- [Aim of the task]: Beginning with the line that has "Toyota Camry, 2019" and ending with the line that has "FORD FOCUS 2014 - 1FADP3F2XEL457918", retype the entries below exactly, except for the pictures.

(Beginning of Exercise input)

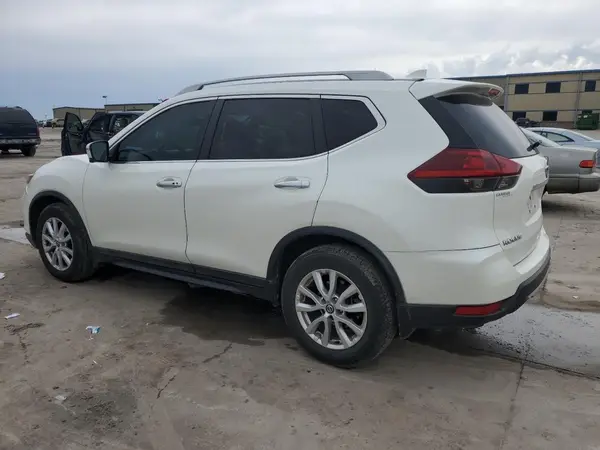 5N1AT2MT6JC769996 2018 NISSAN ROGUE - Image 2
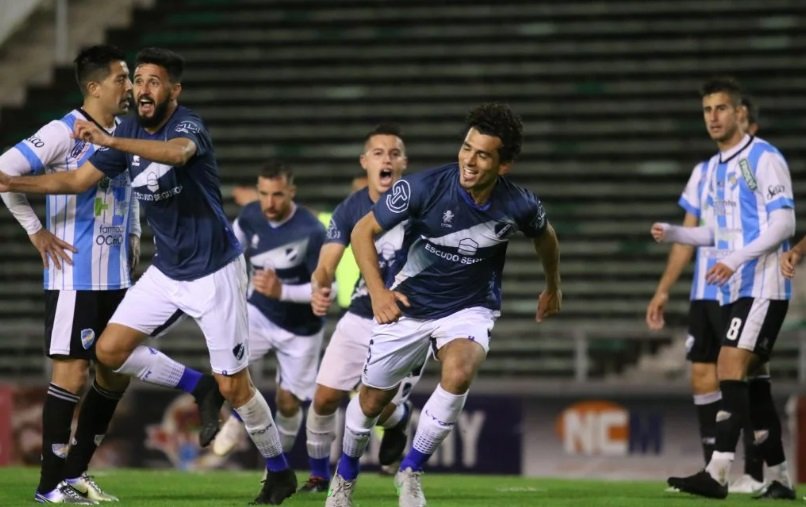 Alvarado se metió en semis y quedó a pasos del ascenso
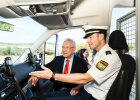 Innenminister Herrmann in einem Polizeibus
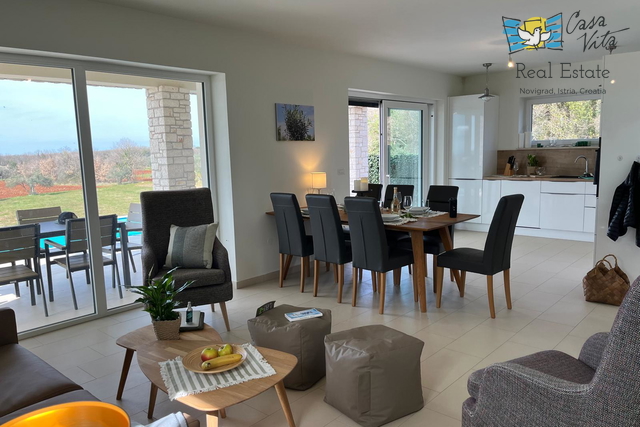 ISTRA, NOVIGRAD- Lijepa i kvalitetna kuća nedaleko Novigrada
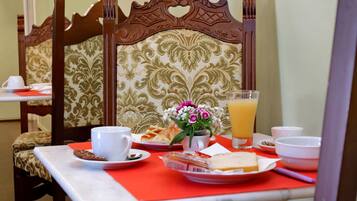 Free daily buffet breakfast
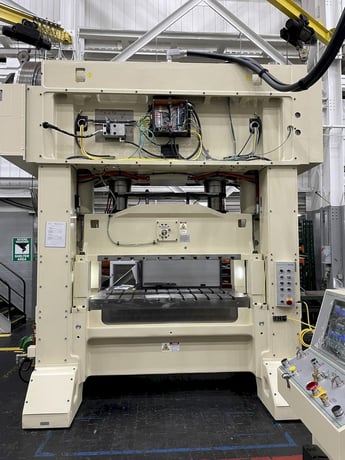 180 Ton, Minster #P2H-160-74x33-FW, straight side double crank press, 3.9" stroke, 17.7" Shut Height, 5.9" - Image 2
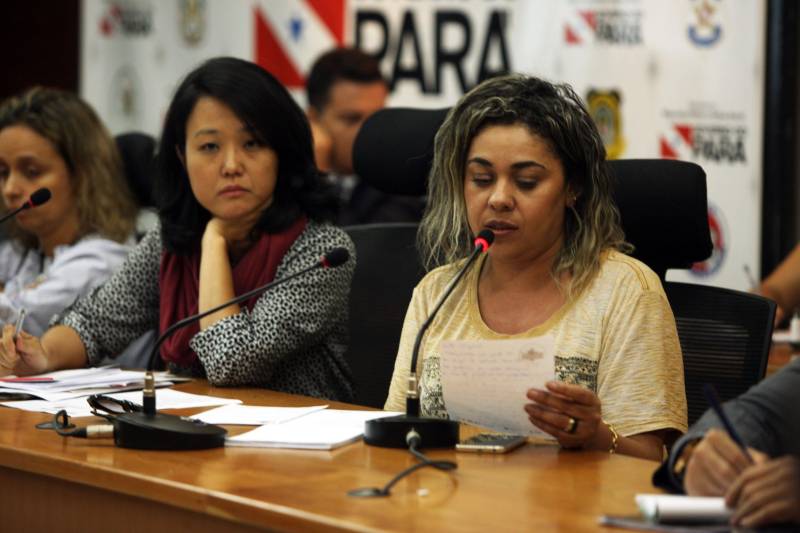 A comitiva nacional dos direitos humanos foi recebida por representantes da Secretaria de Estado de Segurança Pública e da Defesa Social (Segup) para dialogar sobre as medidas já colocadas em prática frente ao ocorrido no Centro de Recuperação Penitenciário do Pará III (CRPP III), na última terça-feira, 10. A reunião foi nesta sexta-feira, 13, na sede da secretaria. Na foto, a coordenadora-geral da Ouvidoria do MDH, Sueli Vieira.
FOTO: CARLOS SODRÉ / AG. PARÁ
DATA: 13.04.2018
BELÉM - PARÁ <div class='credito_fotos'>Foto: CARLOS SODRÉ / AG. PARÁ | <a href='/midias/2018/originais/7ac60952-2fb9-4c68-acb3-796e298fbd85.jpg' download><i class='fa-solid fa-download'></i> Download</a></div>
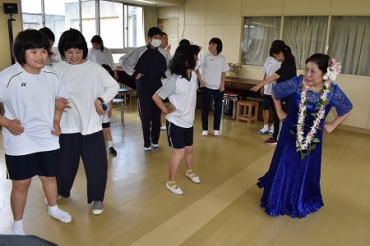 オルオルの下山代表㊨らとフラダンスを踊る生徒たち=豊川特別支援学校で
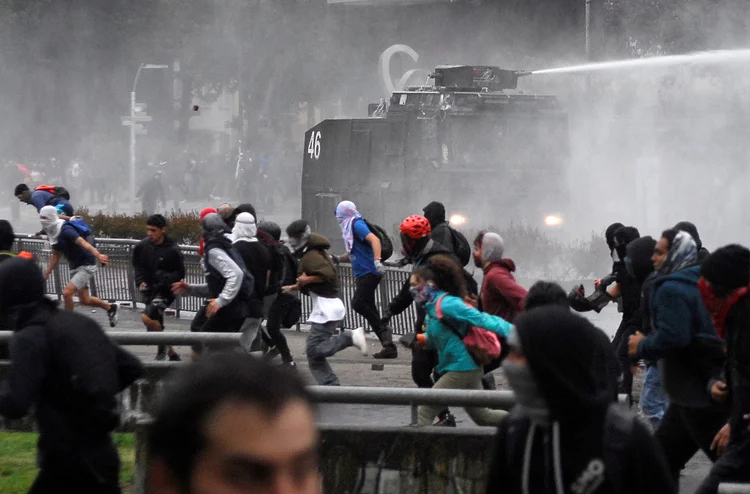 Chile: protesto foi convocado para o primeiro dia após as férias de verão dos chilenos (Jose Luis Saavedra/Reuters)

(End of Exercise input)
(Beginning of Exercise input)

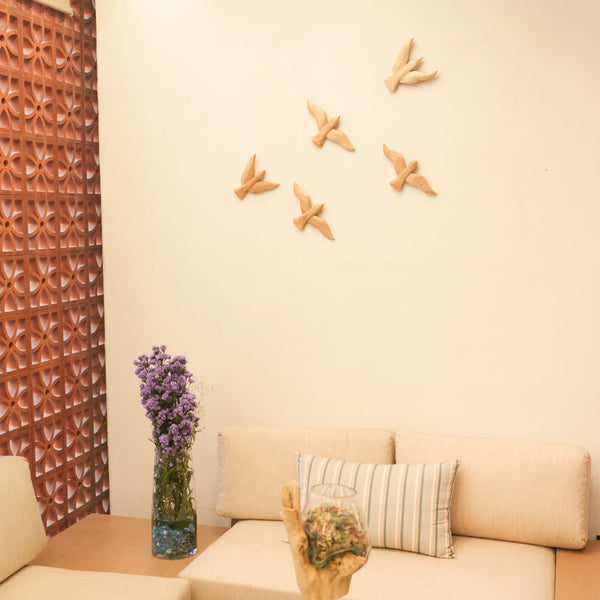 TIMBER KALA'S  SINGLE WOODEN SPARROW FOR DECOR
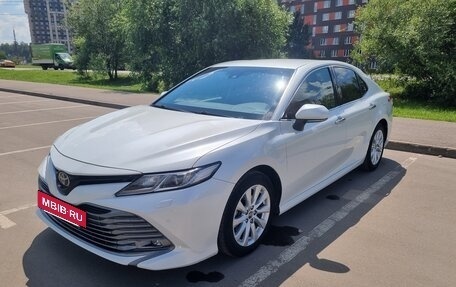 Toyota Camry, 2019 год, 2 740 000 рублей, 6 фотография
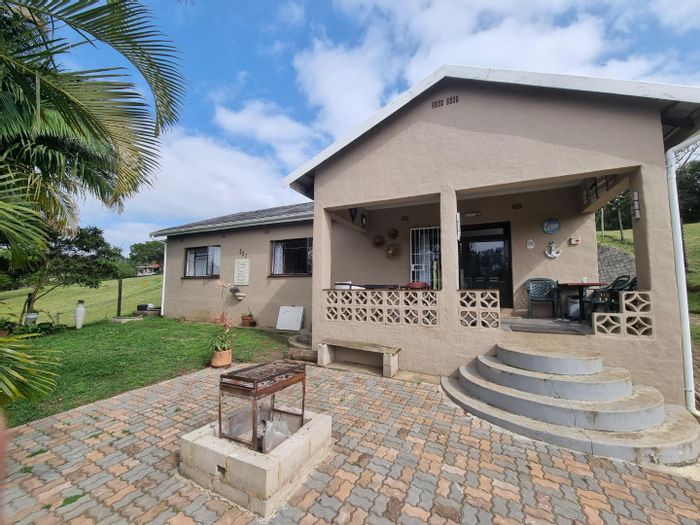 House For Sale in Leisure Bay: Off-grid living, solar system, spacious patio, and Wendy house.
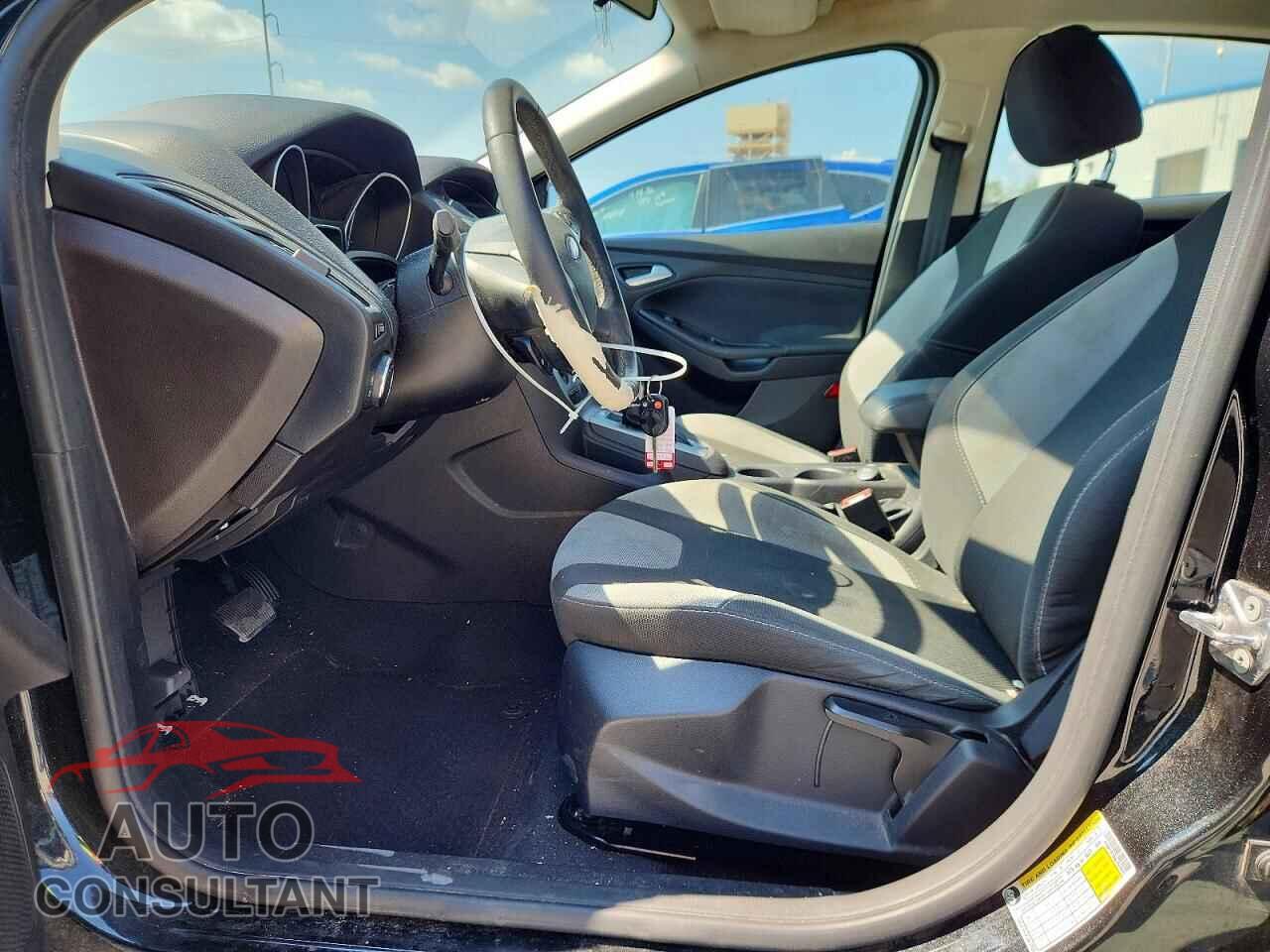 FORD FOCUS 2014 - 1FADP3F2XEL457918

(End of Exercise input)

- [Output for this exercise]:
 Toyota Camry, 2019 год, 2 740 000 рублей, 6 фотография
 House For Sale in Leisure Bay: Off-grid living, solar system, spacious patio, and Wendy house.
 FORD FOCUS 2014 - 1FADP3F2XEL457918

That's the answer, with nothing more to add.